Funding Secure has had its fair share of bad loans, some of which are absolute disasters. Additionally I do not feel they have adequate resources to adequately monitor the numerous loans they have, or even make an up-to-date website. However, whilst I have suffered poor results on the platform, I do feel this may be due to mistakes I have made. With a large number of loans arriving on the platform in a wide range of asset classes and a flexible secondary market, one may have a better shot of getting results.

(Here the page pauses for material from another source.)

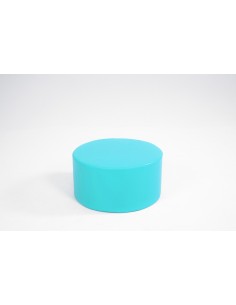 Mesa cilíndrica foam cuero sintético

Here is how Funding Secure compares to my other investments:
|Platform||Link||Target Rate (%)||My XIRR (%)||Status||Live Rating|
|Review||Up to 16%||-5.4% (estimate)||CLOSED||1.5/5|
|Review||Up to 7.2%||7.23%||OPEN||4/5|
|Review||Up to 11%||5.72%||OPEN||4/5|
|Review||Up to 13%||3.90% (estimate)||CLOSED||2.5/5|
|Review||Up to 8.5%||4.46%||OPEN||2/5|
NOVEMBER 2019 UPDATE: Proposals from administrators have been released, although they do not make pleasant reading for investors.
OCTOBER 2019 UPDATE: Administration this month for Funding Secure, it remains to be seen what scraps investors get.
SEPTEMBER 2019 UPDATE: Nothing tangible has happened here since.
AUGUST 2019 UPDATE: The new management team have sent an update to try and reassure investors, although I am not particularly convinced. Let us not forget that Lendy tried the same a few months before folding.
JULY 2019 UPDATE: Suffered small losses as some defaults crystallised. With more loans featuring a bigger minimum I can’t see myself being back here.
JUNE 2019 UPDATE: Few loans (although some jewelry ones filled quickly). Some more property loans with a minimum of £250. No real headway on the bad defaults.
MAY 2019 UPDATE: Lendy’s failure perhaps might put Funding Secure in the spotlight as the next platform under pressure, but to their credit they still keep on churning out new loans. I am not investing any more cash here and have not been for a while.
APRIL 2019 UPDATE: Still no change. Some new loans have a minimum of £100, which is still too rich for me.
MARCH 2019 UPDATE: No change. New loans have appeared which have much higher minimum amounts (£250/500 vs £25) – poor form.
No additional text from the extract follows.